§ **PROBLEM STATEMENT**
Reproduce the entries word for word but drop every picture.

★ ★ ★

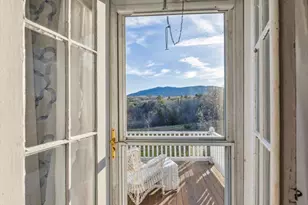 144 Parsons Rd, Dublin, NH 03444 - Photo 22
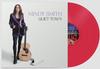 Mindy Smith - Quiet Town -  Vinyl Record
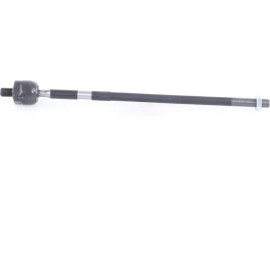 MONROE Axialgelenk, Spurstange L29205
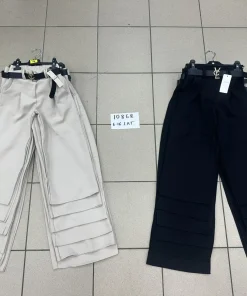 Spodnie DZIECIĘCA,size 6-16 lat,paczka 6szt,1kolor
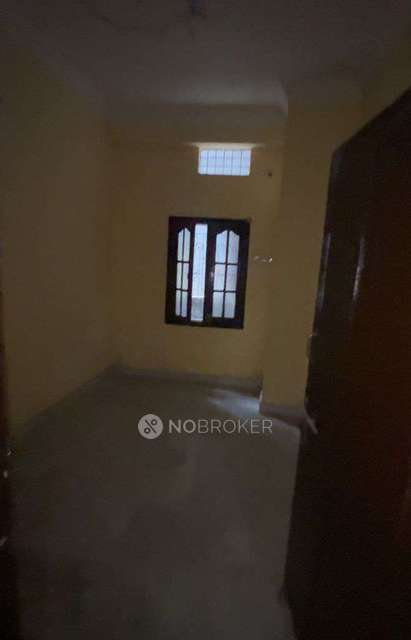 2 BHK Flat for Rent  In Mangalhat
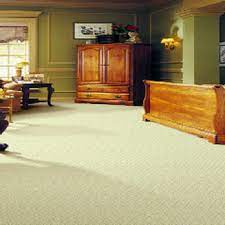 nebraska carpet tile cleaning 19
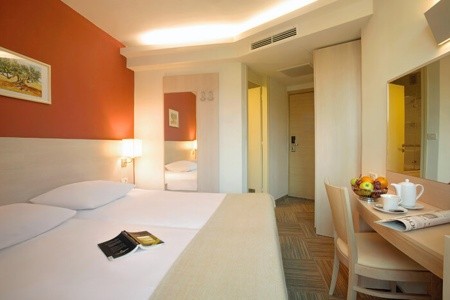 Sunny Poreč By Valamar - 18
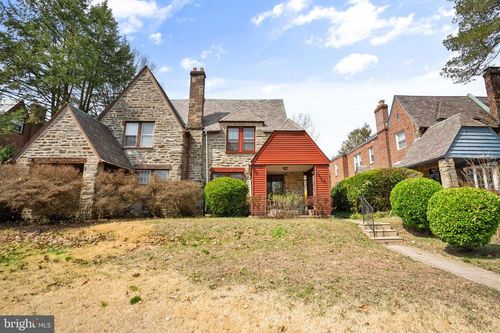 425 E Durham St, PHILADELPHIA, PA, 19119-1223 | Card Image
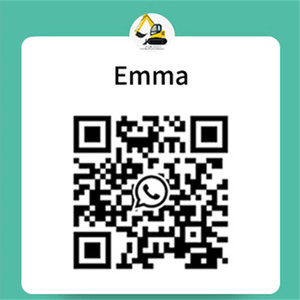 Phụ tùng máy xúc, <span class=keywords><strong>Motor</strong></span> hành trình HD50UR, <span class=keywords><strong>Motor</strong></span> dẫn động cuối HD50, <span class=keywords><strong>Motor</strong></span> bánh xích cho Kato - Product Image 5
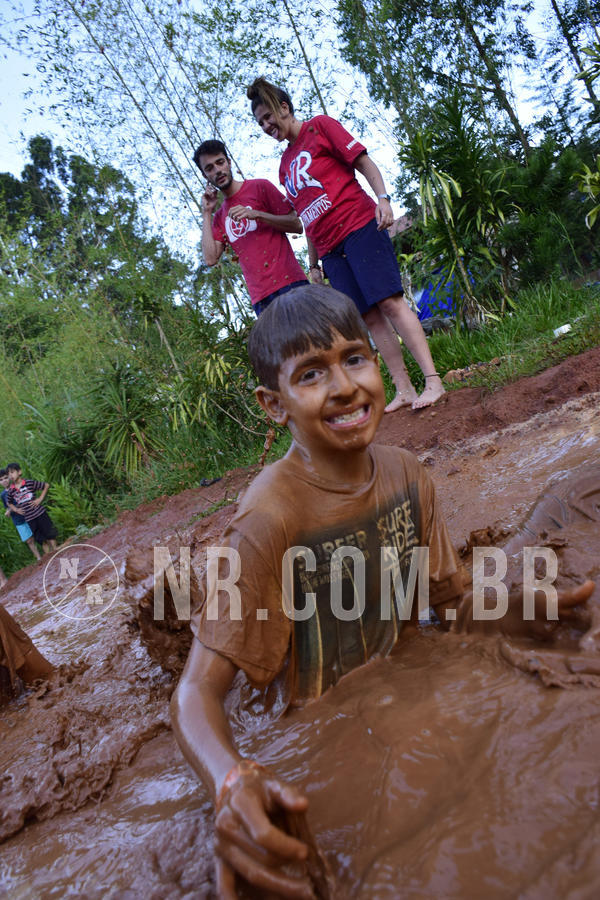 Buy your photos of the eventNR Ol� 6� Ano  06 a 08/12/19 on Fotop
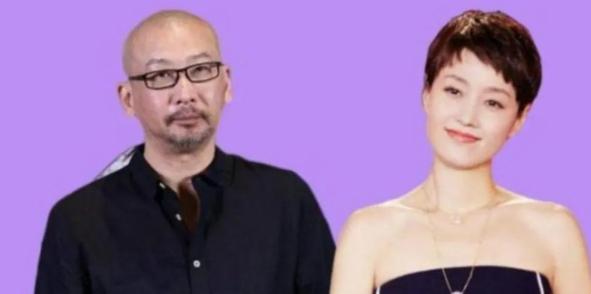 2003年，有一次管虎晚上回家，发现家里脏乱不堪，满地都是脏衣服，他怒气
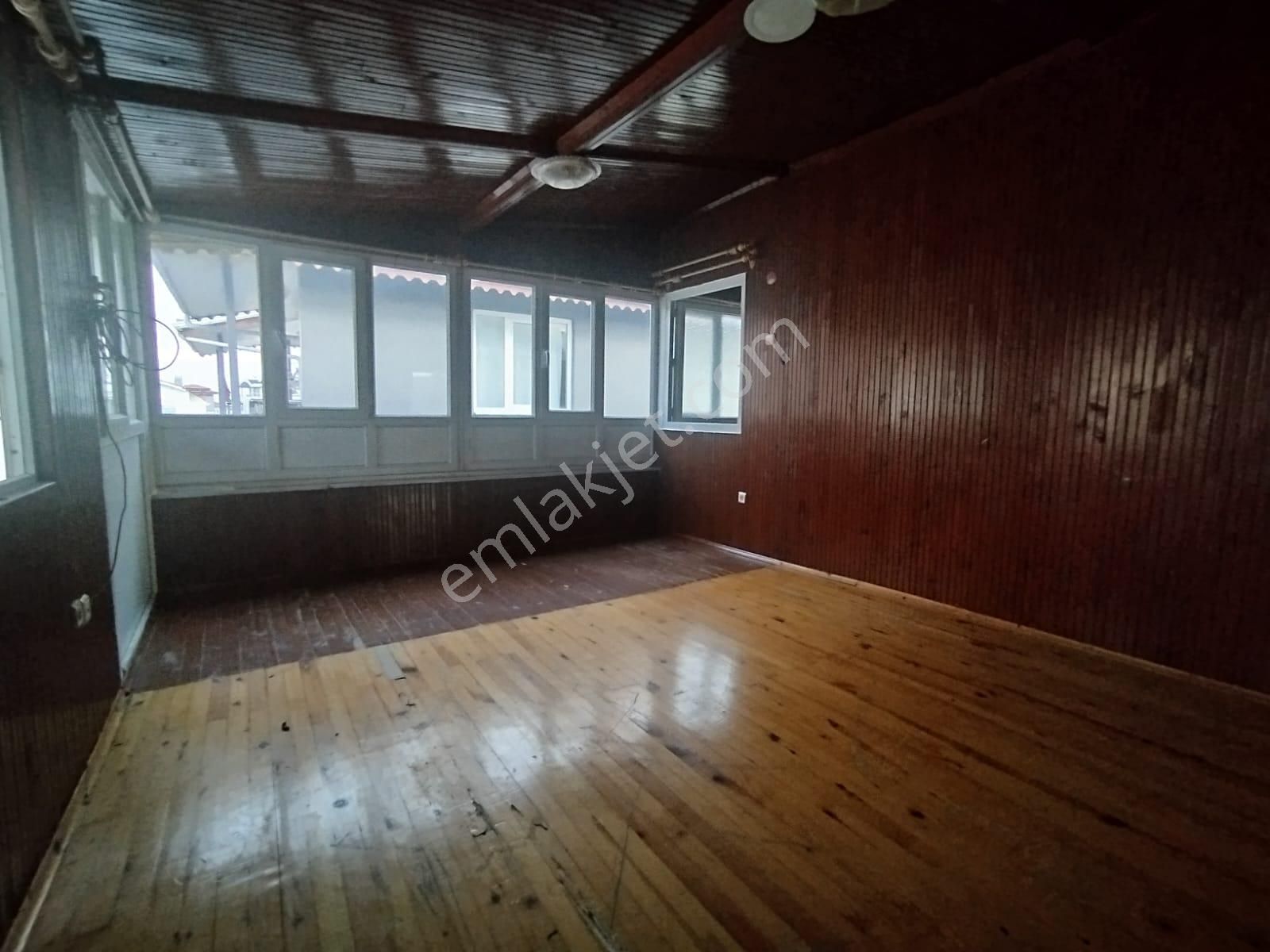 İdamax.tan 1+1 Geniş Kiralık Daire Mimar Sinan Mah. - Görsel 7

★ ★ ★

§ **SOLVED PROBLEM**
 144 Parsons Rd, Dublin, NH 03444 - Photo 22
 Mindy Smith - Quiet Town -  Vinyl Record
 MONROE Axialgelenk, Spurstange L29205
 Spodnie DZIECIĘCA,size 6-16 lat,paczka 6szt,1kolor
 2 BHK Flat for Rent  In Mangalhat
 nebraska carpet tile cleaning 19
 Sunny Poreč By Valamar - 18
 425 E Durham St, PHILADELPHIA, PA, 19119-1223 | Card Image
 Phụ tùng máy xúc, <span class=keywords><strong>Motor</strong></span> hành trình HD50UR, <span class=keywords><strong>Motor</strong></span> dẫn động cuối HD50, <span class=keywords><strong>Motor</strong></span> bánh xích cho Kato - Product Image 5
 Buy your photos of the eventNR Ol� 6� Ano  06 a 08/12/19 on Fotop
 2003年，有一次管虎晚上回家，发现家里脏乱不堪，满地都是脏衣服，他怒气
 İdamax.tan 1+1 Geniş Kiralık Daire Mimar Sinan Mah. - Görsel 7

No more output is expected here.